Only one stretch of the listing below is wanted. Begin at the line that has "Минивэн Ford C-Max 2016 в", stop after the line that has "Upper Main Line Ymca", and repeat every line in between exactly.

==== Provided records ====

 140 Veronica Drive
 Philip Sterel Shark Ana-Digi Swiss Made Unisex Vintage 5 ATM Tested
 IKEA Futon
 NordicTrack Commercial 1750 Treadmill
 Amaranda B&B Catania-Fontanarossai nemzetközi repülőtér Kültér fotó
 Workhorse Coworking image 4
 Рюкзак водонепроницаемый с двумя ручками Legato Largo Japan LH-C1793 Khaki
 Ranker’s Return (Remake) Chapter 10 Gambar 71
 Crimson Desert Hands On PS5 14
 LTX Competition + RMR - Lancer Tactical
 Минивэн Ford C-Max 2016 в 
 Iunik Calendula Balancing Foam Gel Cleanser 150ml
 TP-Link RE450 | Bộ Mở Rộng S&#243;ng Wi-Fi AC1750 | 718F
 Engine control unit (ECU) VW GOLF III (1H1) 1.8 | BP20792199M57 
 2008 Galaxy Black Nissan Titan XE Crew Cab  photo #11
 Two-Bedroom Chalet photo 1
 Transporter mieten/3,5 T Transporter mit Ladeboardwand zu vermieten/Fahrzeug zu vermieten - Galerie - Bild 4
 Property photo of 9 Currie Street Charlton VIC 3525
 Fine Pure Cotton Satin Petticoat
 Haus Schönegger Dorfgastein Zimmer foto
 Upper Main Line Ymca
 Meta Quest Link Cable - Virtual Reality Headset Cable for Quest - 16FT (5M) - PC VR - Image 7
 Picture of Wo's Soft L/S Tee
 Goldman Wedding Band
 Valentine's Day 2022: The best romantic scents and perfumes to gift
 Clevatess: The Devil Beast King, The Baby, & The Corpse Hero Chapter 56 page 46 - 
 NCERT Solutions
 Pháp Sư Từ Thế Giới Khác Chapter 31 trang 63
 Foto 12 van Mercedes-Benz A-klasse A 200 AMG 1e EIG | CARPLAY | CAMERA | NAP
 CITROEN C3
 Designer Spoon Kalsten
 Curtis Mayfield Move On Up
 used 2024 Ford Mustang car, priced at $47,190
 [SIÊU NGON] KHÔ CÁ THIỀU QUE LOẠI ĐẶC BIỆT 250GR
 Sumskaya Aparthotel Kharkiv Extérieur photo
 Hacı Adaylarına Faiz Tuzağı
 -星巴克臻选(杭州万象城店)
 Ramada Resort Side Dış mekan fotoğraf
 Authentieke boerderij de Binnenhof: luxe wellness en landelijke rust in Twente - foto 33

====

## Output of the task
 Минивэн Ford C-Max 2016 в 
 Iunik Calendula Balancing Foam Gel Cleanser 150ml
 TP-Link RE450 | Bộ Mở Rộng S&#243;ng Wi-Fi AC1750 | 718F
 Engine control unit (ECU) VW GOLF III (1H1) 1.8 | BP20792199M57 
 2008 Galaxy Black Nissan Titan XE Crew Cab  photo #11
 Two-Bedroom Chalet photo 1
 Transporter mieten/3,5 T Transporter mit Ladeboardwand zu vermieten/Fahrzeug zu vermieten - Galerie - Bild 4
 Property photo of 9 Currie Street Charlton VIC 3525
 Fine Pure Cotton Satin Petticoat
 Haus Schönegger Dorfgastein Zimmer foto
 Upper Main Line Ymca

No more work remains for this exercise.